True halvah it is prepared from natural products, which give it a high content of nutrients. Thanks to this, it can be included in our diet not only as a sweet snack, but also as a way to strengthen our body and support its proper functioning.
Regardless of the type, the main ingredient of halva is oil plants such as sesame, sunflower, nuts and poppy seeds. They have many valuable properties. First of all, they are a source of healthy vegetable fats, including polyunsaturated monounsaturated fatty acids, which help reduce bad cholesterol levels in the blood, help regulate blood pressure and have a beneficial effect on the health of the heart and blood vessels. They may also reduce the occurrence of cardiovascular diseases in the future.
In addition to fats, oil seeds also contain: vegetable protein and fiber. Thanks to this, halva supports the health of our digestive system and increases the feeling of satiety after a meal. It is alsoa valuable source of energy that will give us strength after training or at work.
Halva has a significant impact on our skin, hair and nails due to…and the content of vitamin E and antioxidants.
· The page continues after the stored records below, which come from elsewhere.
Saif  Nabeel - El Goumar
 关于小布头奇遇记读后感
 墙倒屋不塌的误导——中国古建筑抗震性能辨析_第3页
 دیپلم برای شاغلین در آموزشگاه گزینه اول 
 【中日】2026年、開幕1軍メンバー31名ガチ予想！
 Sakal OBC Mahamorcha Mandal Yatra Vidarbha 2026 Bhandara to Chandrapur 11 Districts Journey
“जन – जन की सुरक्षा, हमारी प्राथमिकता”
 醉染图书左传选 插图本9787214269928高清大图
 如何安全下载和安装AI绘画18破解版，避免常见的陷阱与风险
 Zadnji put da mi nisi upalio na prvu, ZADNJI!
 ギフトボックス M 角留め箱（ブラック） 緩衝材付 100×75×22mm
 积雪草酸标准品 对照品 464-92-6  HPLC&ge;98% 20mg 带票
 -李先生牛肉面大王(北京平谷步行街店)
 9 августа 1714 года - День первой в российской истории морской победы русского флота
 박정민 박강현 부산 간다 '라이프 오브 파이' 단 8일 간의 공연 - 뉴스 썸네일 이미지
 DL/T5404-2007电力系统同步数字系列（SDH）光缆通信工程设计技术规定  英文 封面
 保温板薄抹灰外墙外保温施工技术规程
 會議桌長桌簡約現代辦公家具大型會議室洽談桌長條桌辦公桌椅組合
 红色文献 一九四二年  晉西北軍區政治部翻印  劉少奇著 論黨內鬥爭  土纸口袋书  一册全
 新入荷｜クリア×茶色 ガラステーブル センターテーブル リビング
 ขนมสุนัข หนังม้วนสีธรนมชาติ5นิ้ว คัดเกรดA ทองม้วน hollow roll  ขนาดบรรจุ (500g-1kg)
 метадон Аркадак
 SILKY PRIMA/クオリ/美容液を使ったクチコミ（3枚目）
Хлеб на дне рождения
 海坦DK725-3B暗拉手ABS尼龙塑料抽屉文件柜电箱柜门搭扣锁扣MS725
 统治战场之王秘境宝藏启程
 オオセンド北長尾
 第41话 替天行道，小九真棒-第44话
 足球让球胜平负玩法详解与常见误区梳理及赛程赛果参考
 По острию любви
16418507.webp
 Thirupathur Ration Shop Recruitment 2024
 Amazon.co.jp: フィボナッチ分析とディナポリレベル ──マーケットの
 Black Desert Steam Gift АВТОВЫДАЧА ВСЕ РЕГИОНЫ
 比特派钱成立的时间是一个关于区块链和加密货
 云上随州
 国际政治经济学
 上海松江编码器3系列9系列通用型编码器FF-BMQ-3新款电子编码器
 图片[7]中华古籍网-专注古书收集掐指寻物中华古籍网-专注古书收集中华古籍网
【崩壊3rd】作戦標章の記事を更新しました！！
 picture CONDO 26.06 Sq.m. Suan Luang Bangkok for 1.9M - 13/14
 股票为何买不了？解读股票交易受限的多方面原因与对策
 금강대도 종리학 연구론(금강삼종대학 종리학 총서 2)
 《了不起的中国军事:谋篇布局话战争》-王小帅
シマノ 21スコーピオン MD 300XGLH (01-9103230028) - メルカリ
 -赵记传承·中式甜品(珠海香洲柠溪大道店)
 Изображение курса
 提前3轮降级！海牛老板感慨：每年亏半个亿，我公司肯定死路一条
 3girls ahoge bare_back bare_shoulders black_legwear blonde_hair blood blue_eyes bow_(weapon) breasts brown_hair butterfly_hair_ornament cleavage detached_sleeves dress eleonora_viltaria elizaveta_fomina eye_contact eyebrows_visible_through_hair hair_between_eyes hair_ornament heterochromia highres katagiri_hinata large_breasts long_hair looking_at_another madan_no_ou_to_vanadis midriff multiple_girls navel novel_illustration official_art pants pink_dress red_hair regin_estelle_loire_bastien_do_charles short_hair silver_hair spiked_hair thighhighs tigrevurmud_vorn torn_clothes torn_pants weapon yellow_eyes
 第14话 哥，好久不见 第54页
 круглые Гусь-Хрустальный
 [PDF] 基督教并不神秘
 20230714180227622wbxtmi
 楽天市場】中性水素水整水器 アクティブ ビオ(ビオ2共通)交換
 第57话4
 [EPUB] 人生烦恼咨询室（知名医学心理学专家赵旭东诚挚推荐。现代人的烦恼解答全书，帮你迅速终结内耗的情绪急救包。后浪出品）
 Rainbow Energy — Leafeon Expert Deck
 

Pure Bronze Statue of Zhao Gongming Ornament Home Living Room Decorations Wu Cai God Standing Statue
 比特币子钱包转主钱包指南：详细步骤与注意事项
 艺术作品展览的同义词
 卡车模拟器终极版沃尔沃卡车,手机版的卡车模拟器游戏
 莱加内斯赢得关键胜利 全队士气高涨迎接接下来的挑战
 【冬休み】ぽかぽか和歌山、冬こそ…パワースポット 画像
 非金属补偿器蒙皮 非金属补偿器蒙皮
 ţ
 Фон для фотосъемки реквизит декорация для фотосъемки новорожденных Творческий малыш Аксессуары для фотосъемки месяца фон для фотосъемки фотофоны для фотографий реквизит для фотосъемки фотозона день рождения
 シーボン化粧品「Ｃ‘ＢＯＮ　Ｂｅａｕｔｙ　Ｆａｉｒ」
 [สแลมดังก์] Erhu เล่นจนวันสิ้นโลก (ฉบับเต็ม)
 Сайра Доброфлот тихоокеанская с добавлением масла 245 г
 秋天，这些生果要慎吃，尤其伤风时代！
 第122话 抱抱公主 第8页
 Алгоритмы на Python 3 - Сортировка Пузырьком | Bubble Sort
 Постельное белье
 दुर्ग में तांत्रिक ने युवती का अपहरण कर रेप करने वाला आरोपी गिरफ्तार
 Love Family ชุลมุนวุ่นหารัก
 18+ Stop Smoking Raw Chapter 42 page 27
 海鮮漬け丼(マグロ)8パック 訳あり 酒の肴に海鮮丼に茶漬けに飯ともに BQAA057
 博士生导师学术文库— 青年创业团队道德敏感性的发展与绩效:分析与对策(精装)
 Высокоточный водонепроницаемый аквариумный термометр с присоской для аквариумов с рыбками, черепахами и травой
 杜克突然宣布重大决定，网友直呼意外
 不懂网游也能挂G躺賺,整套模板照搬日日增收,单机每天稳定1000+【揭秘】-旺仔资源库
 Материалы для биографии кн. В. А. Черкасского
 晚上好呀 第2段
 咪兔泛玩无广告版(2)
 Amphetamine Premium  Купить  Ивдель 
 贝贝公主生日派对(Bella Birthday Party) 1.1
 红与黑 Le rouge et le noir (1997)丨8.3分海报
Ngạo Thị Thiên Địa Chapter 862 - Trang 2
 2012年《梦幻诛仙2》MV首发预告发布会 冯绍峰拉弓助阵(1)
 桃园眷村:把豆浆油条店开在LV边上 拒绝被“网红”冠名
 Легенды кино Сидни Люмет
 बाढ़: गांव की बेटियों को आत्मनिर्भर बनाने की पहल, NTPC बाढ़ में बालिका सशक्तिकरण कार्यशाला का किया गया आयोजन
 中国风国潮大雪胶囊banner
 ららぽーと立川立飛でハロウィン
It slows down the aging process and relieves inflammation. It is often added to it, thanks to which its anti-inflammatory properties are additionally enhanced. On the other hand B vitamins and magnesium support the functioning of the nervous system and muscle functioning. Whereas a large dose of calcium affects the health of bones and teeth.
See also:
Halvah despite the richness of nutrients, it should be a product that we consume in moderation. This is due to its high caloric value and high sugar content. Therefore, eating it in large quantities may lead to: weight gain and sudden spikes in blood sugar. It is also worth remembering that it contains a lot of fat. Even if it is healthy, too much of it in the diet can lead to excess weight and health problems.
It is worth limiting the amount of halva to small portions. You can aim for one or two teaspoons a dayso as not to exceed the daily calorie requirement and limit the amount of sugar we consume.
When choosing halva, you should pay attention to its composition. Products on store shelves often contain a lot of unhealthy additives in the form of preservatives, flavor enhancers and sweeteners. The composition of the sweet should be simple and contain only seeds, natural sugars and fats, and dried fruits and nuts. Such halva will have a positive effect on our health.
We can find many types of halva in stores. One of the most popular is sesame halva. As the name says, its main ingredient is sesame, thanks to which it contains a large dose of calcium, vitamin E and antioxidants. Thanks to this, it has a positive impact on the health of bones and teeth and the appearance of our skin. Additionally, it soothes inflammation, reduces oxidative stress and slows down the aging process of the body.
It is less popular, but equally tasty sunflower halva. Its advantage is that you can easily prepare it yourself. Sunflower seeds hide inside vitamin E, magnesium, selenium and fiber. It also has a large dose of plant protein. However, it contains less calcium than sesame halva. Despite this, it will have a positive effect on our body, especially on the health of the heart and circulatory system as well as the appearance of the skin, hair and nails.
In stores you can meet with peanut halvawhose taste is more characteristic due to the ingredients used. Nuts contain not only valuable unsaturated fatty acids, but also minerals such as: magnesium, iron, phosphorus and zinc as well as B vitamins and vitamin E. Thanks to this, they have anti-inflammatory effects and have a positive effect on the nervous system and muscle health.
It is available in some stores halva with poppy seedswhich is distinguished by its taste. Thanks to this addition, it is a source of calcium, iron and magnesium. If we get a product with not too much sugar content, it will be as healthy as classic halva.